Los ninivitas creyeron en Dios, proclamaron un ayuno y se vistieron con rudo sayal, desde el más importante al menor.
La noticia llegó a oídos del rey de Nínive, que se levantó de su trono, se despojó del manto real, se cubrió con rudo sayal y se sentó sobre el polvo. Después ordenó proclamar en Nínive este anuncio de parte del rey y de sus ministros:
«Que hombres y animales, ganado mayor y menor no coman nada; que no pasten ni beban agua. Que hombres y animales se cubran con rudo sayal e invoquen a Dios con ardor. Que cada cual se convierta de su mal camino y abandone la violencia. ¡Quién sabe si Dios cambiará y se compadecerá, se arrepentirá de su violenta ira y no nos destruirá!».
Vio Dios su comportamiento, cómo habían abandonado el mal camino, y se arrepintió de la desgracia que había determinado enviarles. Así que no la ejecutó.
Salmo de hoy
Salmo 50, 3-4. 12-13. 18-19 R/. Un corazón quebrantado y humillado, oh, Dios mío, tú no lo desprecias
Misericordia, Dios mío, por tu bondad,
por tu inmensa compasión borra mi culpa;
lava del todo mi delito,
limpia mi pecado. R/.
Oh, Dios, crea en mí un corazón puro,
renuévame por dentro con espíritu firme.
No me arrojes lejos de tu rostro,
no me quites tu santo espíritu. R/.
Los sacrificios no te satisfacen:
si te ofreciera un holocausto, no lo querrías.

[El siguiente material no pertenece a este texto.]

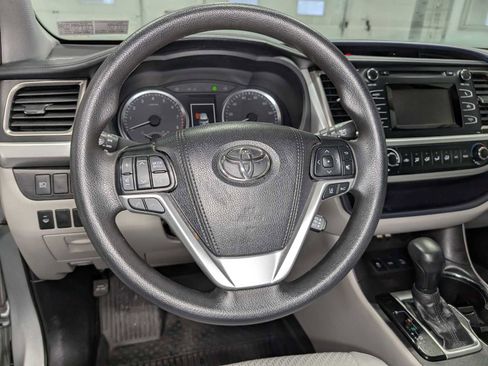 Used 2019 Toyota Highlander LE image 33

El sacrificio agradable a Dios
es un espíritu quebrantado;
un corazón quebrantado y humillado,
tú, oh, Dios, tú no lo desprecias. R/.
Evangelio del día
Lectura del santo evangelio según san Lucas 11, 29-32
En aquel tiempo, la gente se apiñaba alrededor de Jesús, y él se puso a decirles:
«Esta generación es una generación perversa. Pide un signo, pero no se le dará más signo que el signo de Jonás. Pues como Jonás fue un signo para los habitantes de Nínive, lo mismo será el Hijo del hombre para esta generación.
La reina del Sur se levantará en el juicio contra los hombres de esta generación y hará que los condenen, porque ella vino desde los confines de la tierra para escuchar la sabiduría de Salomón, y aquí hay uno que es más que Salomón.
Los hombres de Nínive se alzarán en el juicio contra esta generación y harán que la condenen; porque ellos se convirtieron con la proclamación de Jonás, y aquí hay uno que es más que Jonás».
Reflexión
En el pasaje del Evangelio según san Lucas 11, 29-32, la gente se amontonaba alrededor de Jesús y aun así pedía un “signo”. No pedían para creer mejor. Pedían para poner condiciones. Como diciendo: “Si me convence, entonces cambio”. Jesús corta eso de raíz: no habrá más signo que el de Jonás.
¿Y qué significa eso? Jonás fue una llamada a conversión. No fue un show. No fue espectáculo. Fue un mensaje que exigía decisión. Nínive escuchó, se movió y cambió. Jesús está diciendo: ustedes tienen delante algo más grande que Jonás y aun así siguen pidiendo pruebas.
Luego menciona a la reina del Sur. Ella viajó lejos para escuchar a Salomón. No pidió señales. Se movió, buscó, escuchó. Y Jesús remata: aquí hay uno más grande que Salomón. O sea: si ella hizo tanto por escuchar sabiduría humana, ¿cómo es que ustedes no se abren ante la Palabra viva?
Esto tiene un filo claro para hoy. Hay gente que siempre pide “una señal” para hacer lo correcto. “Una confirmación”, “una señal del cielo”, “algo que me empuje”. La verdad es más simple: muchas veces no es falta de señales, es falta de voluntad.
El Catecismo enseña que la conversión es una tarea de toda la vida, un retorno del corazón a Dios, y que no se reduce a un momento emocional (cf. CIC 1427-1429). En sencillo: convertirse no es sentir bonito. Es cambiar de rumbo.
Jesús llama “perversa” a esa generación porque estaba torcida por dentro: querían ver sin obedecer. Querían pruebas sin compromiso. Querían a Dios como asistente personal, no como Señor.
Este Evangelio deja una pregunta directa: ¿yo estoy esperando un “signo” para cambiar algo que ya sé que debo cambiar? Porque si uno tiene la verdad delante y aun así se queda igual, no es ignorancia. Es terquedad.
La Cuaresma no es para pedir señales nuevas. Es para responder a lo que ya está claro. Si usted sigue esperando el momento perfecto, se le pasa la vida. Y después no culpe a Dios.